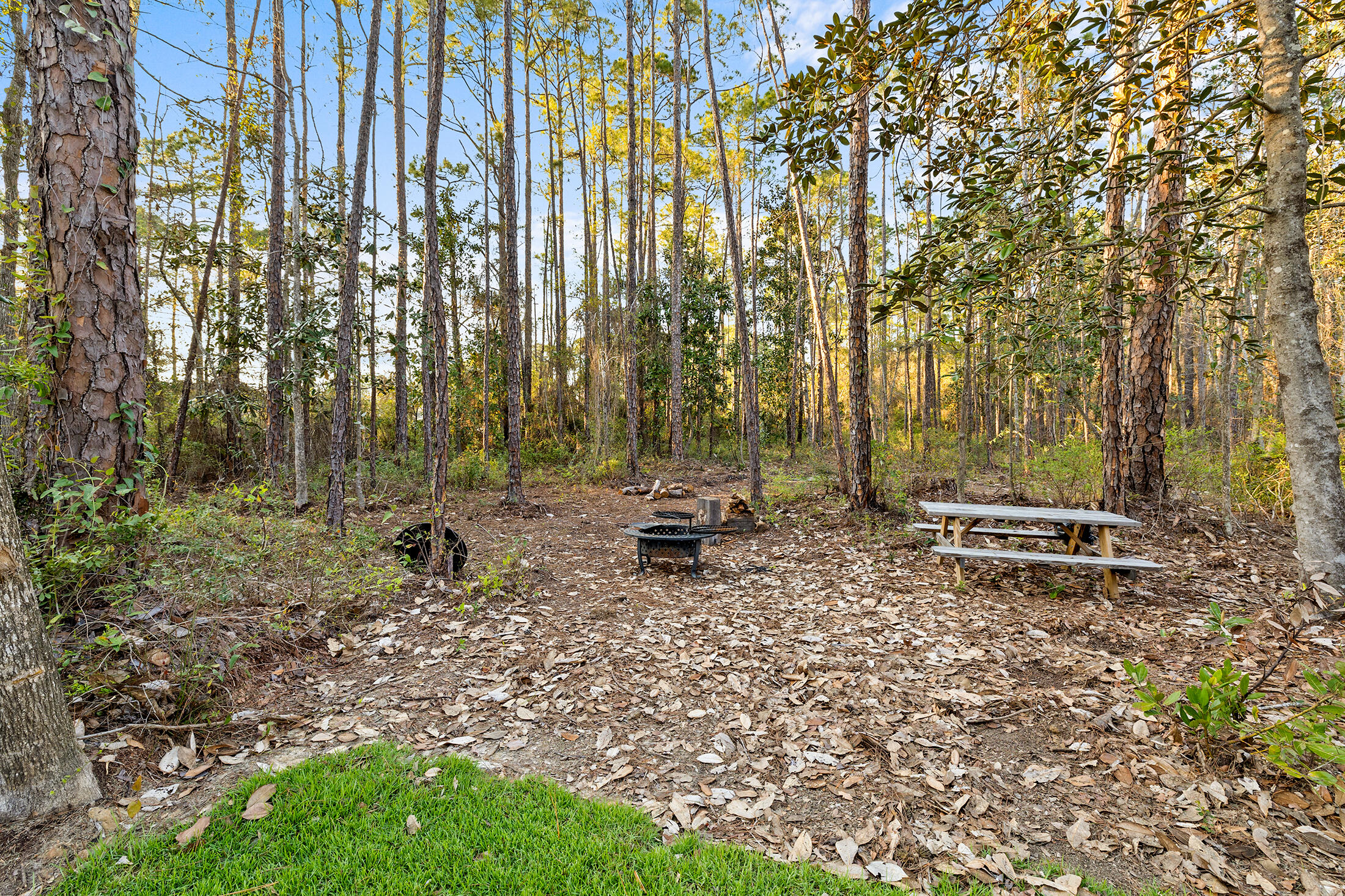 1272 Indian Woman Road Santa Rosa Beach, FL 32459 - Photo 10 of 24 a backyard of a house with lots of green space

---+---

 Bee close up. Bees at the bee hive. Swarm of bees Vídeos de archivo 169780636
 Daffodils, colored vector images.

---+---

▶ [WHAT YOU SHOULD DO] Looking at the data above, write out exactly the lines that start at the one containing "Bee close up." and end at the one containing "Daffodils, colored vector images."; include both and nothing beyond.

▶ [ANSWER FOR THE TASK]
 Bee close up. Bees at the bee hive. Swarm of bees Vídeos de archivo 169780636
 Daffodils, colored vector images.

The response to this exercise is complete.